[Your task]
Below are entries. Reproduce exactly the lines between the line holding "Beach & Leisure" and the line holding "Tổng thống Nga", inclusive, and only those.

[Data for this exercise]
────

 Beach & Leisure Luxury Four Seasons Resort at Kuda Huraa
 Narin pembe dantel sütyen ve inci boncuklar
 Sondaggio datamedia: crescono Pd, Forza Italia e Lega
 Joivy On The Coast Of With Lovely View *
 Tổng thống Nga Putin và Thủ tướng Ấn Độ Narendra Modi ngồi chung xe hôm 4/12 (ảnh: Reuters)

────

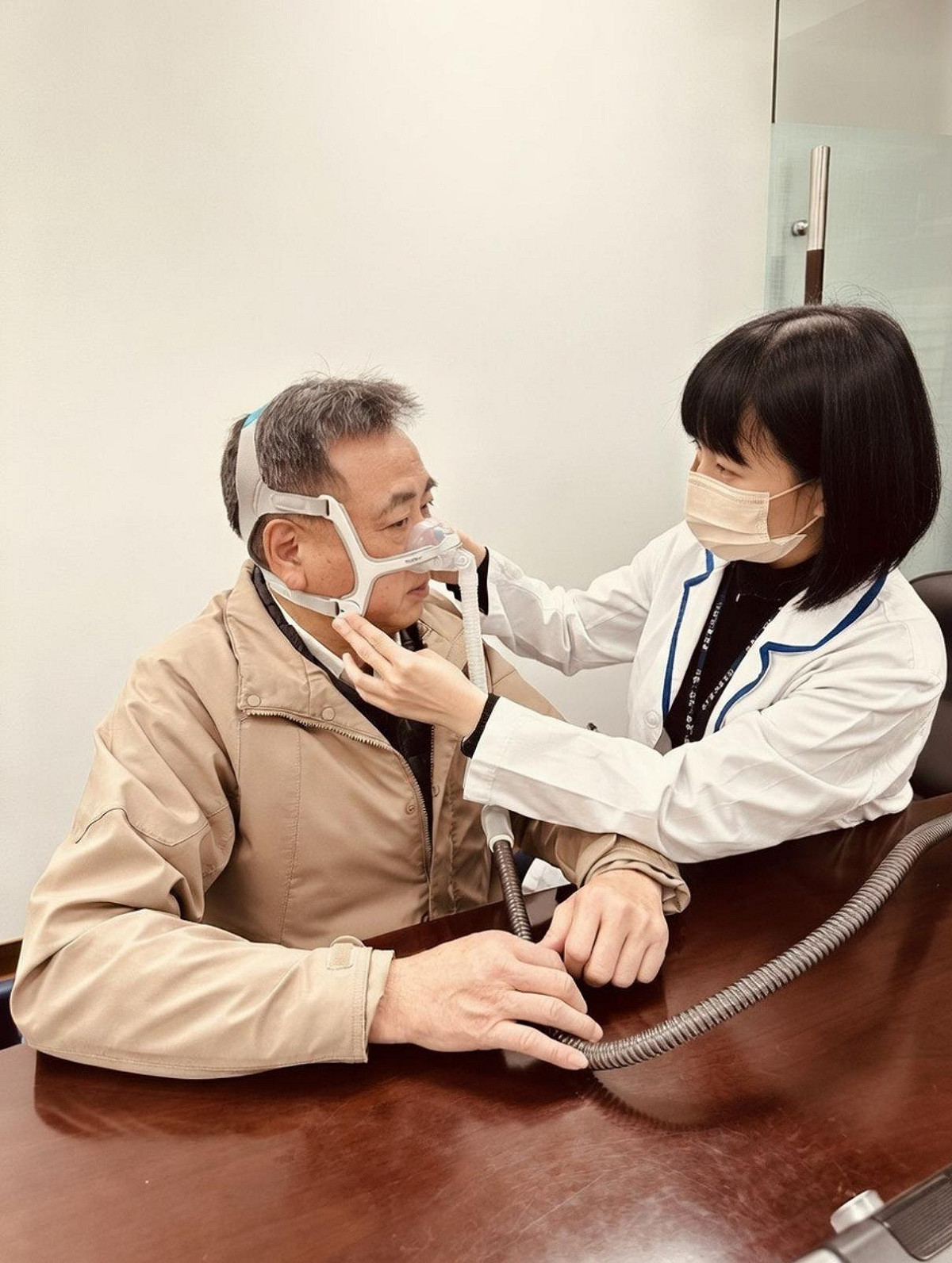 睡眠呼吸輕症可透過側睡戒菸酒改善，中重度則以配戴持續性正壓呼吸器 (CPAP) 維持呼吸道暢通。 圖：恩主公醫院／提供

────

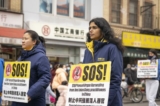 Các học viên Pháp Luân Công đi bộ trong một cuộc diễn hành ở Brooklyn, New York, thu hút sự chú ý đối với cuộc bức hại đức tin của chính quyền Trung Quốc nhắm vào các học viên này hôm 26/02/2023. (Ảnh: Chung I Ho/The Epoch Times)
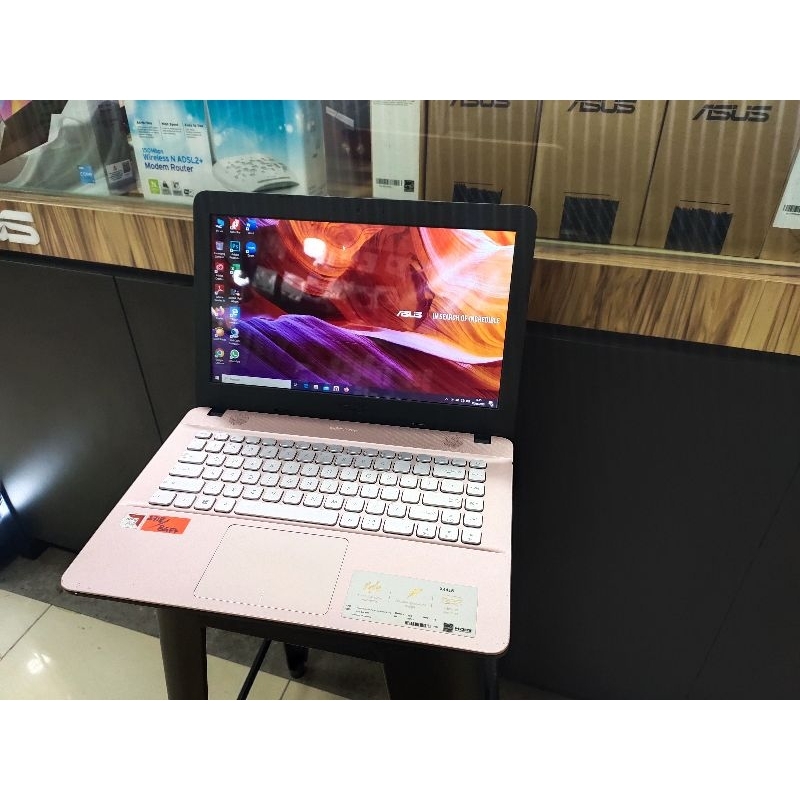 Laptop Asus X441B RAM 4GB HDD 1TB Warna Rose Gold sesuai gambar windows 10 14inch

────

[Completed task]
 Beach & Leisure Luxury Four Seasons Resort at Kuda Huraa
 Narin pembe dantel sütyen ve inci boncuklar
 Sondaggio datamedia: crescono Pd, Forza Italia e Lega
 Joivy On The Coast Of With Lovely View *
 Tổng thống Nga Putin và Thủ tướng Ấn Độ Narendra Modi ngồi chung xe hôm 4/12 (ảnh: Reuters)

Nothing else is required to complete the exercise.